[Captioned web image data]

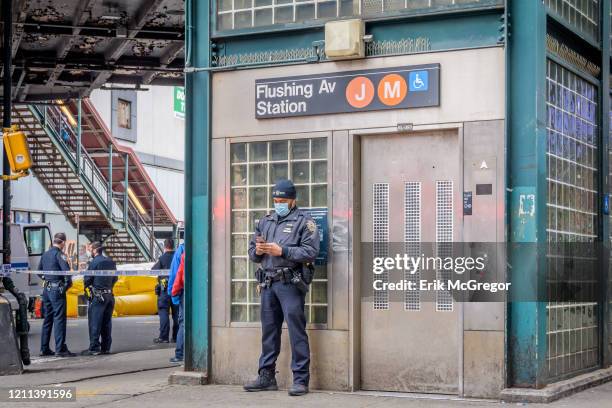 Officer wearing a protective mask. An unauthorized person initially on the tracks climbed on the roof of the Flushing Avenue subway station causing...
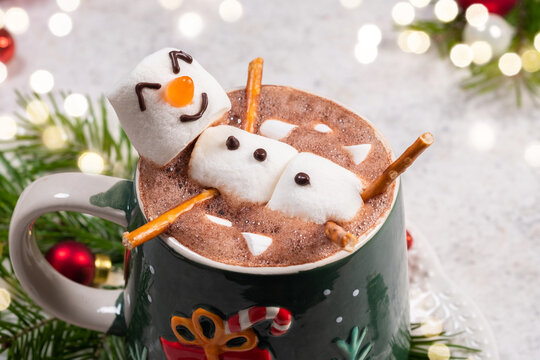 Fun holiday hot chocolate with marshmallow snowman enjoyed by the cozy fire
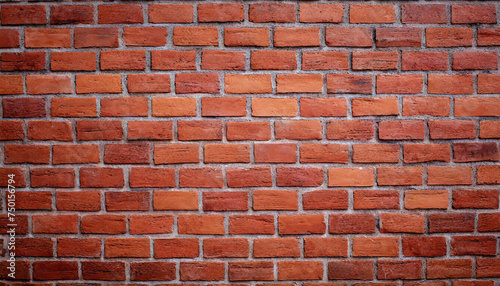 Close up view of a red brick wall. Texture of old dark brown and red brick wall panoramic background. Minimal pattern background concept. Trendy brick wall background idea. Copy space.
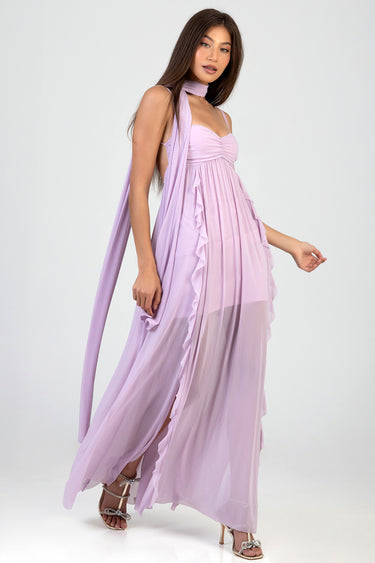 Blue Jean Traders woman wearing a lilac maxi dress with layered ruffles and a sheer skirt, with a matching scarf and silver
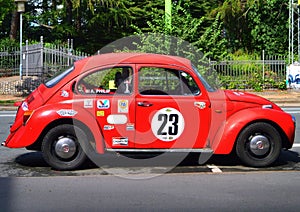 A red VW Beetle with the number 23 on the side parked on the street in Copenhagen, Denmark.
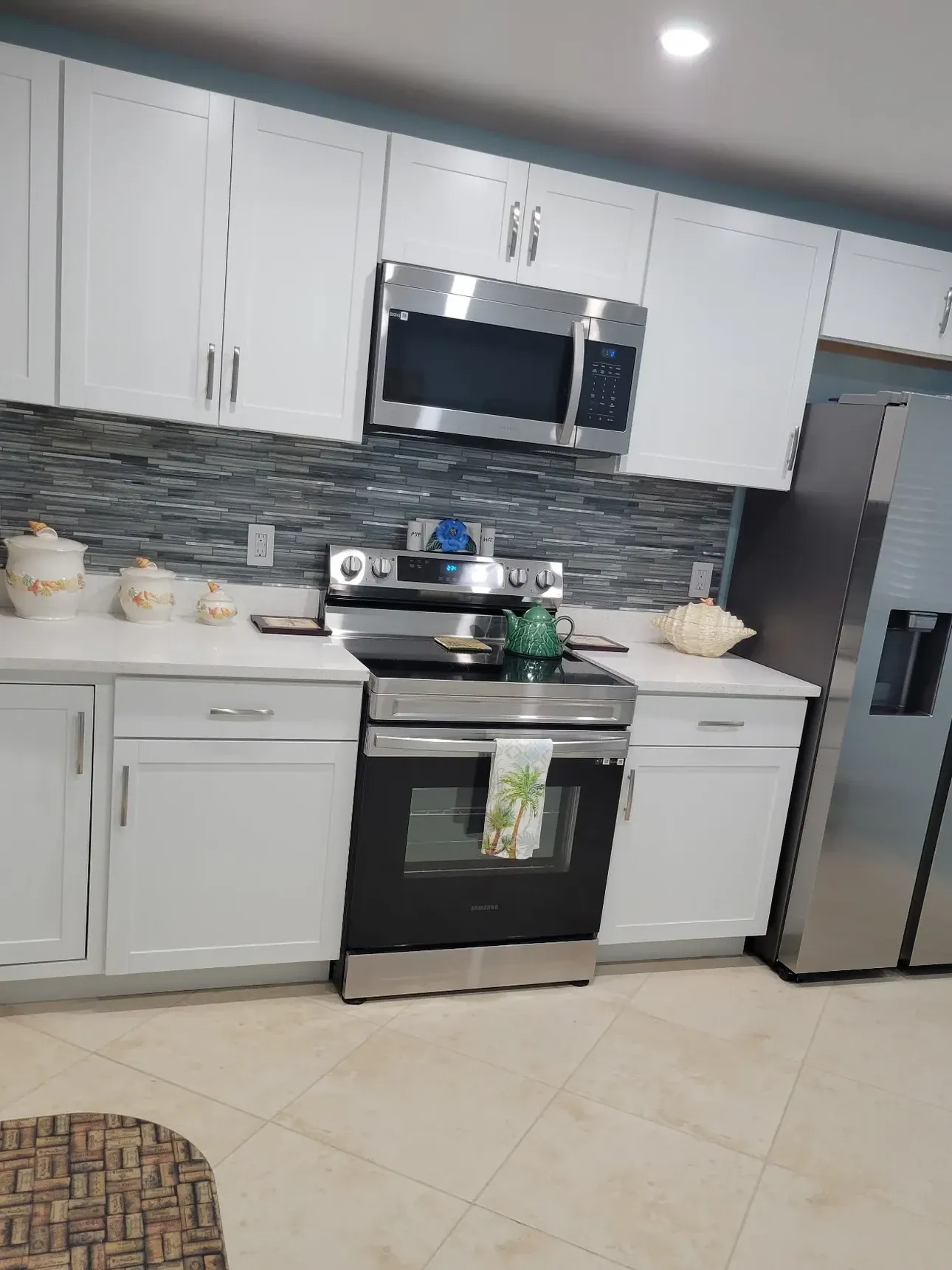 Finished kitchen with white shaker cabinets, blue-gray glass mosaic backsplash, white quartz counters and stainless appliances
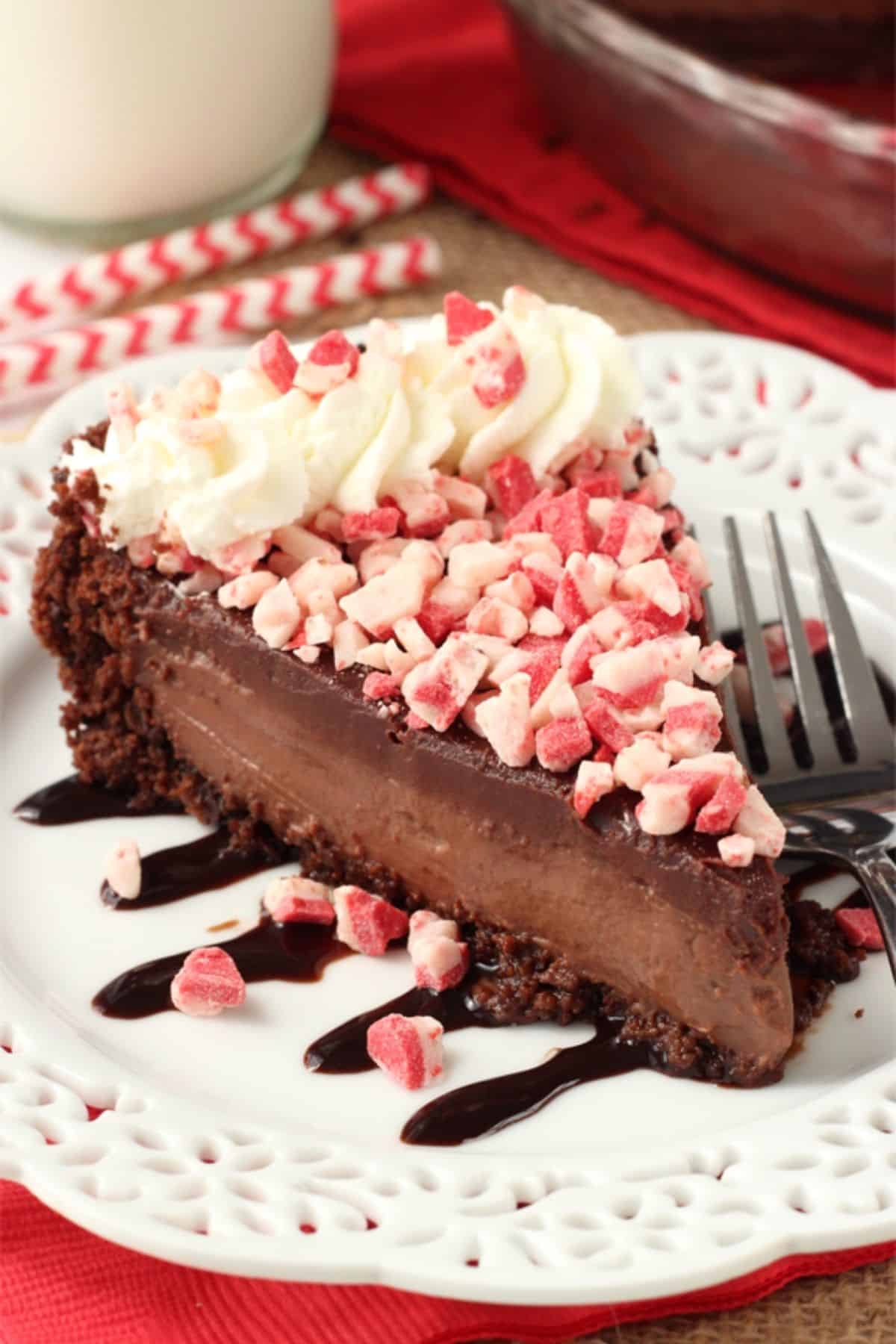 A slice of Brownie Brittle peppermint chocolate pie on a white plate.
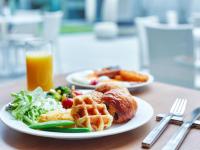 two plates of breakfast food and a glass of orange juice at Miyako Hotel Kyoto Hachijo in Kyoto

_Exercise objective_
Only exact duplicates of the lines from the one containing "Finished kitchen with" through the final line of the entries, both included, are needed, with pictures left out.

_Answer for this exercise_
 Finished kitchen with white shaker cabinets, blue-gray glass mosaic backsplash, white quartz counters and stainless appliances
 A slice of Brownie Brittle peppermint chocolate pie on a white plate.
 two plates of breakfast food and a glass of orange juice at Miyako Hotel Kyoto Hachijo in Kyoto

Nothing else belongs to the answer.